-------- Provided records --------

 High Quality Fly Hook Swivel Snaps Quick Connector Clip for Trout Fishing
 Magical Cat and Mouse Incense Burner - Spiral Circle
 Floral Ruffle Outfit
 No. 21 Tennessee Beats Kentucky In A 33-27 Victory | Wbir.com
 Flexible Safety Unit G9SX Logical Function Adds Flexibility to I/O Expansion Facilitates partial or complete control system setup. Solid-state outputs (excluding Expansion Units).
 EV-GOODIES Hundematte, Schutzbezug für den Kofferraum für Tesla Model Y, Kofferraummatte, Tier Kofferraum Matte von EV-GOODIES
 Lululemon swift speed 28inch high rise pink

--------
-------- Provided records --------

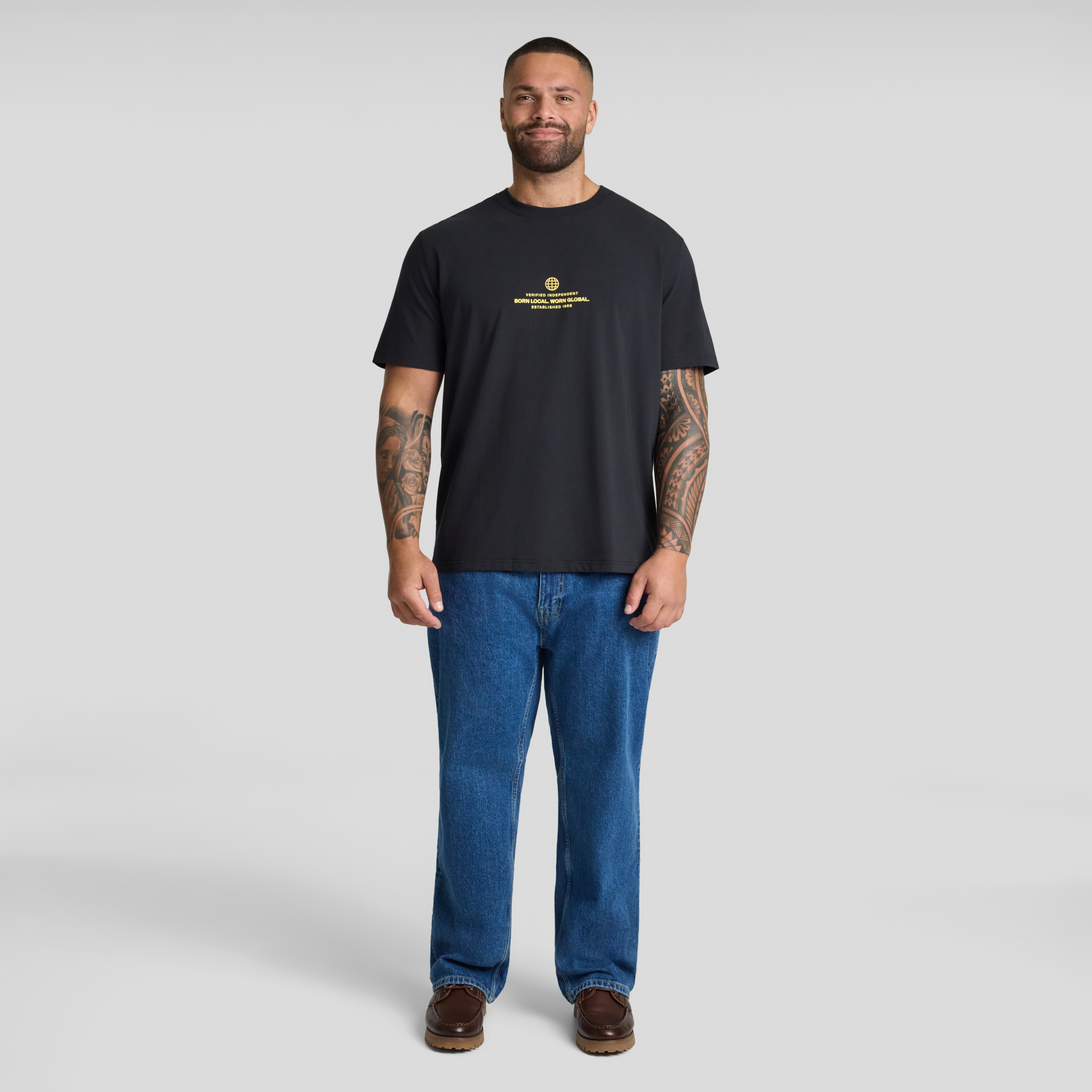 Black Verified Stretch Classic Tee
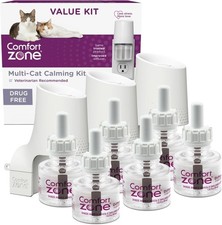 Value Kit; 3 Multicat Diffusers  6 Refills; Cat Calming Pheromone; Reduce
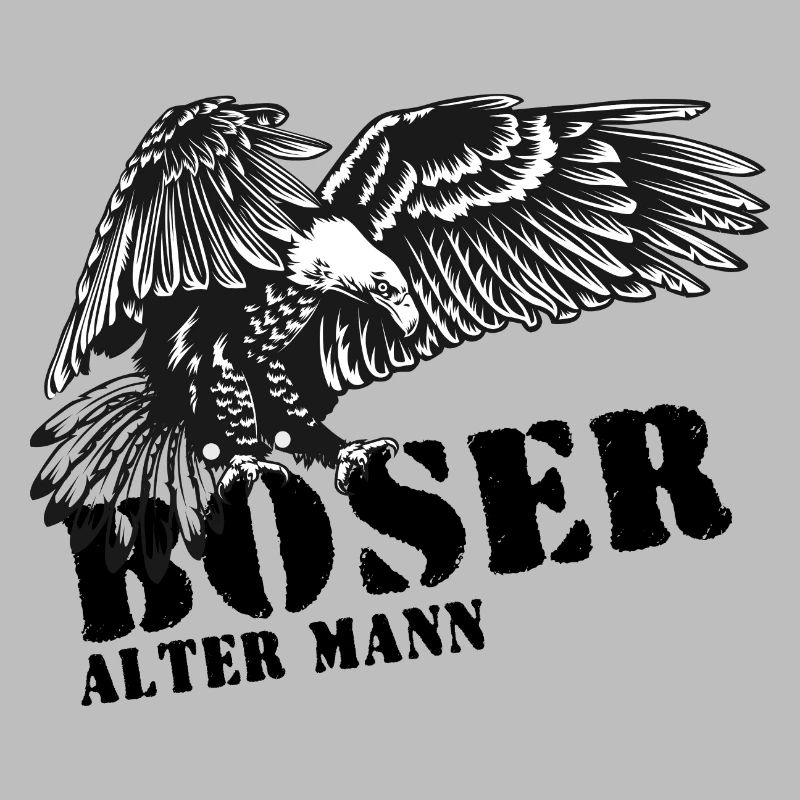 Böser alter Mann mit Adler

--------

What is required:
Print again the lines of the entries above that fall between the line holding "High Quality Fly" and the line holding "Lululemon swift speed 28inch high rise pink", inclusive, exactly as they stand.

Response to the exercise:
 High Quality Fly Hook Swivel Snaps Quick Connector Clip for Trout Fishing
 Magical Cat and Mouse Incense Burner - Spiral Circle
 Floral Ruffle Outfit
 No. 21 Tennessee Beats Kentucky In A 33-27 Victory | Wbir.com
 Flexible Safety Unit G9SX Logical Function Adds Flexibility to I/O Expansion Facilitates partial or complete control system setup. Solid-state outputs (excluding Expansion Units).
 EV-GOODIES Hundematte, Schutzbezug für den Kofferraum für Tesla Model Y, Kofferraummatte, Tier Kofferraum Matte von EV-GOODIES
 Lululemon swift speed 28inch high rise pink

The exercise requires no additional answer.